Les Haïtiens devront dédommager leurs anciens maîtres esclavagistes et accorder des avantages douaniers à la France. Parmi ceux qui réclamèrent des compensations figuraient 22 familles juives de Bordeaux. Elles gagnèrent leur cause et le roi de France, Charles X, força Haïti sous la menace à payer une somme immense de 150 millions de francs-or. Ces noirs à peine libérés, ont dû organiser toute leur économie pour faire face à cette dette équivalant à 21 milliards de dollars US, sans compter les intérêts qui s’accumulent pendant un siècle.
C’est une somme colossale pour la petite nation à l’époque. Haïti n’ayant pas cet argent a dû contracter un prêt. La famille Rothschild, impliquée dans ces transactions et d’autres banquiers, vont fournir des prêts à Haïti. Ceci en imposant des taux d’intérêt élevés et des frais administratifs enfonçant profondément le pays. Cette dette imposée a bien évidemment gravement entravé le développement économique d’Haïti.
Ce fardeau financier a épuisé les ressources d’Haïti. Ce n’est seulement qu’en 1947 qu’Haïti finit de rembourser cette contrainte économico-historique en sacrifiant le développement de ses hôpitaux, ses écoles et ses routes. Elle restera stigmatisée comme à vie, subissant des dégradations et injustices raciales à ce jour.
Le vide institutionnel créé par l’un des plus grands scandales contemporains a invité le fléau des gangs armés à Port-au-Prince. Au summum de cette bévue, un ex-policier devenu chef de gang, du nom de Jimmy Chérizier, alias Barbecue, semble avoir le contrôle de la capitale. Son attaque des deux prisons principales de la ville a laissé s’échapper des milliers de prisonniers qui sèment davantage la terreur. C’est d’ailleurs lui qui s’est engagé à évincer le Premier ministre Ariel Henry… L’ONU parle de 300 000 déplacés rien qu’en janvier, 1100 tués et ces chiffres ne font qu’augmenter. Ne perdons pas de vue qu’une catastrophe naturelle en 2010 avait tout détruit. La terre avait tremblé, emportant avec elle 280 000 morts pour plus de 300 000 blessés.
Haïti ne s’en est jamais vraiment relevé. À la lumière de ces faits historiques, il est plus qu’évident que les Haïtiens, les noirs en général, ne sont pas cons ! Ces images en boucle d’Haïti misérable, comme si une île gouvernée par des noirs était vouée à la pauvreté, sont une désinformation qui malheureusement va dans le sens de la bourde grossière du Président français.
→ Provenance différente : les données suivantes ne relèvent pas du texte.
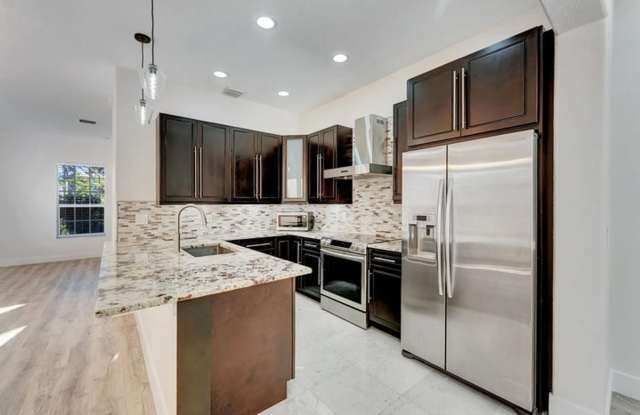 406 NW 25th Avenue, Boynton Beach, FL 33426 photos photos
Ces manipulations de l’information sont voulues. Seulement, les Haïtiens n’exigent rien d’autre que des réparations et l’un d’eux ne pouvait pas laisser Macron faire semblant de s’intéresser à l’esclavage au Brésil, pour faire bonne presse, sans lui évoquer la question d’Haïti ; et la réponse de Macron qui aurait été grandi avec une approche diplomatique va au contraire être catastrophique : “ C’est terrible, mais terrible. Moi, je ne peux pas le remplacer. Ils sont complètement cons !
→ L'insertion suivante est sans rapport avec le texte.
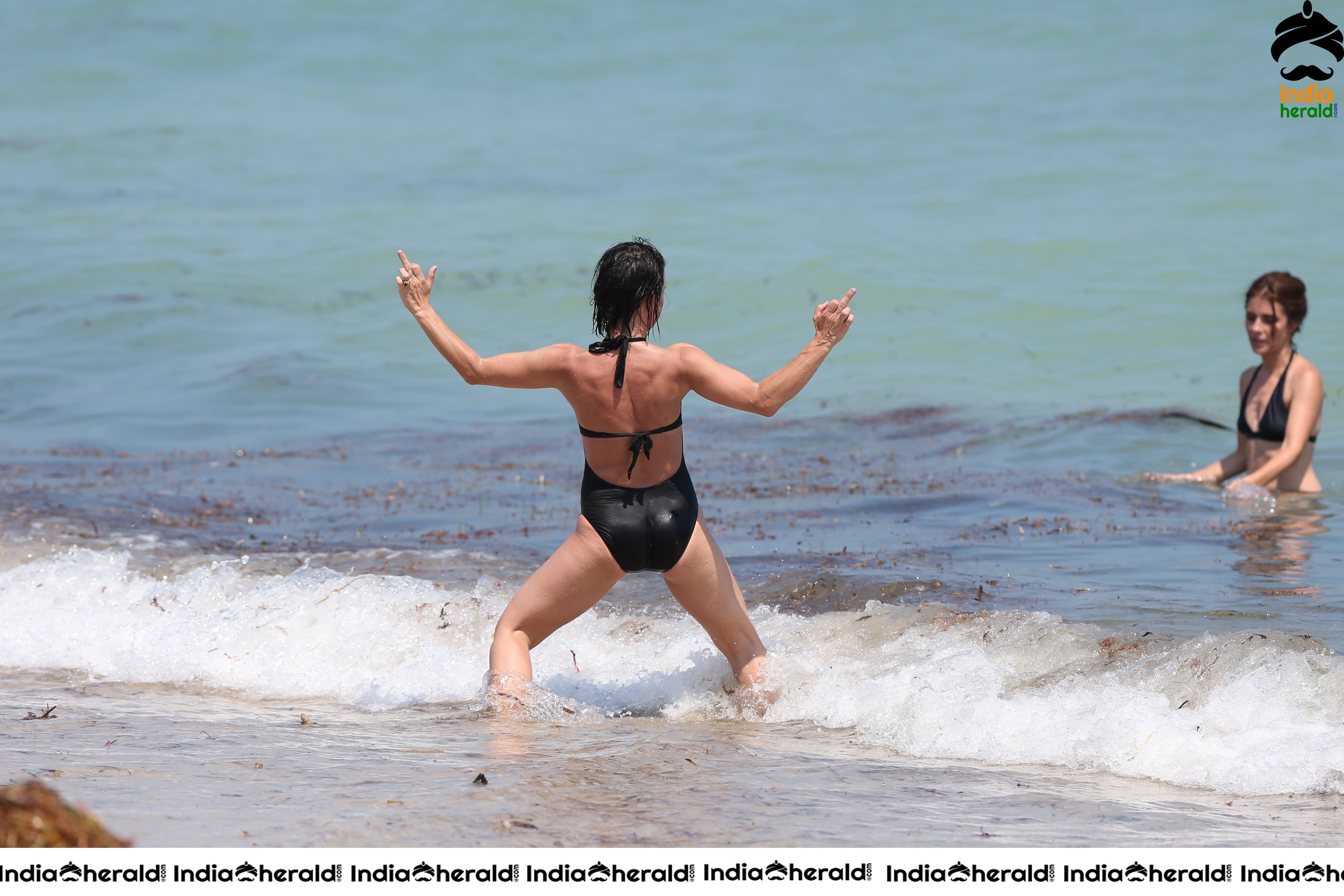 Shiri Appleby Wearing a Bikini at a Beach in Miami Set 2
” Tout aussi révélateur, au-delà de l’insulte, dans sa réponse, se dégage une posture paternaliste et coloniale, comme si on attendait qu’il vienne sauver la politique haïtienne. C’est le complexe du sauveur blanc. Mais les Haïtiens et tous les opprimés ne veulent pas être sauvés. Ils attendent que la France prenne ses responsabilités, s’assume et affiche publiquement ce qu’elle vaut en réalité sans s’appuyer sur une quelconque autre nation. La Nouvelle-Calédonie, la Guyane, des nations africaines, Haïti et autres, ne veulent et n’attendent rien d’autre que réparation.